Blount's invention is recognized as one of the earliest electric assistive eating devices, and its design philosophy — allowing patients to control the pace of their own meals — laid groundwork for modern assistive feeding technologies.

==Forensic science career==
In 1969, Blount embarked on a second career, in law enforcement, pursuing forensic science research for police departments in New Jersey and Virginia. During her previous patient therapy, while demonstrating ambidextrous functions, or writing with teeth or feet, she had begun to see a correlation between physical health and writing characteristics. From her observations, she saw how a person's handwriting reflected their state of health. This discovery inspired her to publish a technical paper on "medical graphology". After the publication of the paper, Blount's career in forensics quickly grew. By the late 1960s she was assisting police departments in Norfolk, Virginia and Vineland, New Jersey, and later joined the Portsmouth, Virginia police department as a chief examiner until 1972, when the state of Virginia centralized its document examination. In 1977, the Metropolitan Police (Scotland Yard) Forensic Science Laboratory invited Blount to join them in London for advanced studies in graphology. At sixty-three years old, she was the first Black woman to be accepted into the advanced studies at the Document Division of Scotland Yard.
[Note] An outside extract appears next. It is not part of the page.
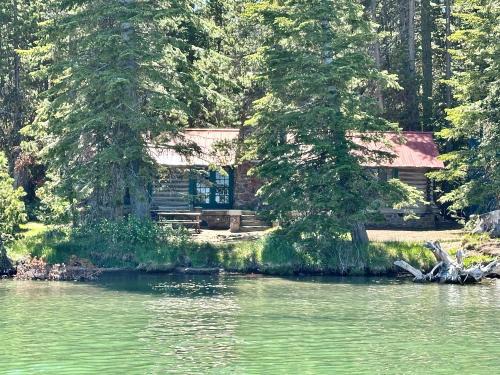 La Pine Complejo | Paulina Lake Lodge and Resort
On returning, Blount started her own forensic science consulting business and ran it for twenty-years, using her forensic experience to examine documents and slave papers from the pre-civil war. Blount operated that business until the age of 83. Her verification of authenticity was also used on Native American treaties with the United States.

==Media appearances==
Blount made numerous attempts to interest the VA in her inventions but they declined, despite the devices' evident beneficial impact. To promote the inventions, she appeared on the WCAU Philadelphia television show The Big Idea in 1953. Blount was the first African-American woman to be on the show. No transcript is available, but it is reported she repeated that she had proved "A black woman can invent something for the benefit of humankind."

Blount wrote a featured columns for the African-American newspapers, the N.J. Herald News and the Philadelphia Independent covering everything from Fidel Castro’s visit to Harlem to Lyndon Johnson’s presidential nomination. She joined the NAACP to do public relations work and wrote several medical papers that were published in respected journals covering “medical graphology” and the relationship between a person’s health and their handwriting.

In 2008 she undertook but was unable to complete one more project: founding a museum on the grounds of her old Virginia schoolhouse which had burned down, to commemorate the contributions of those who had studied there.

==Honors and awards==
Blount was honored in 1992 by The American Academy of Physical Therapy, an African American focused physical therapy organization.

She was honored as one of the Virginia Women in History in 2005.

In 2019, The New York Times published a belated obituary for her, as part of Overlooked No More.

==Personal life==
In 1951, Blount married Thomas Griffin. They had one son, Philip.

==Death==
Blount died at age 95 on December 30, 2009 at her home in Newfield, New Jersey.